Para sustentar o Decreto, Iván Duque reconhece que as medidas tomadas até agora – um pacote que vem beneficiando o setor financeiro, os fundos de pensão, as grandes empresas construtoras e os latifundiários – não tem servido para conter a crise da saúde, e também admite que a situação é muito mais grave.

No Decreto, admite Duque que “a realidade observada após dois meses de estar enfrentando esta situação com todas as ferramentas constitucionais e legais – ordinárias e extraordinárias outorgadas na primeira declaração de emergência – os efeitos neste momento têm sido muito mais graves do que se poderia prever inicialmente”.

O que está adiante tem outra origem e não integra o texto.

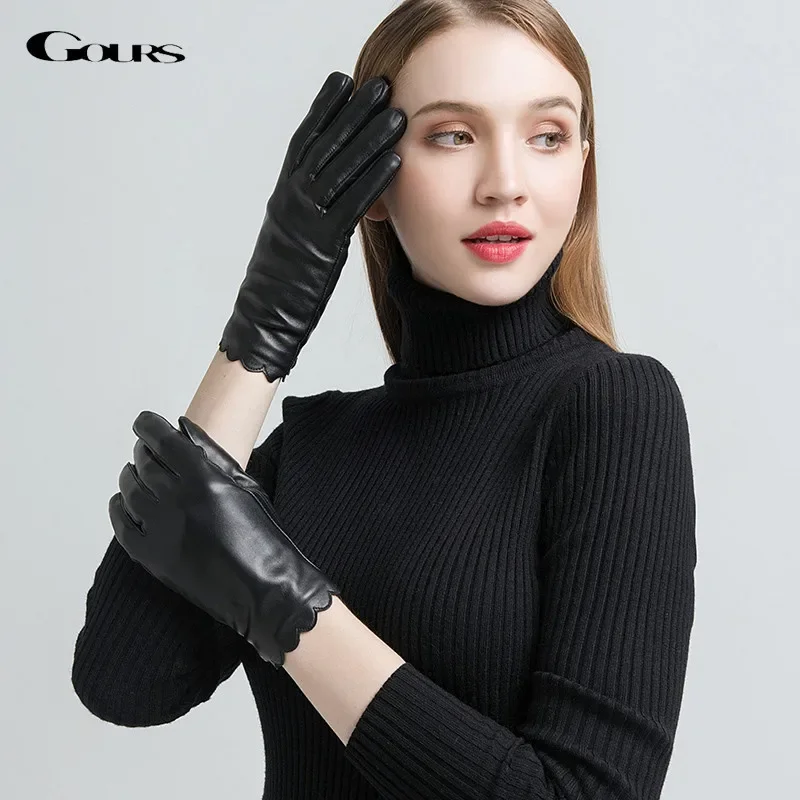 Top Trends: GOURS Winter Real Leather Gloves Women Black Genuine Sheepskin Touch Screen Gloves Fleece Lined Warm Fashion New Arrival GSL070 Shoppable Styles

E apesar de que a saúde da população é a motivação do Estado de Emergência, todas as medidas tendem a salvar os lucros das empresas. Para Duque “o isolamento preventivo obrigatório e com ele a diminuição significativa da atividade econômica tem gerado um crescimento preocupante na taxa de desemprego”, portanto, no Decreto desaparece o discurso “otimista” de achatamento da curva que faz em seus programas de televisão.

Admite que suas medidas não tem servido para ampliar a realização de testes e que não tem certeza do número de contaminados, por isso conclui que “diante da evolução negativa que comporta esta crise e em especial a gravidade dos novos efeitos que observamos cada dia, é imperativo contar com medidas de ordem legal que enfrentem a nova situação”.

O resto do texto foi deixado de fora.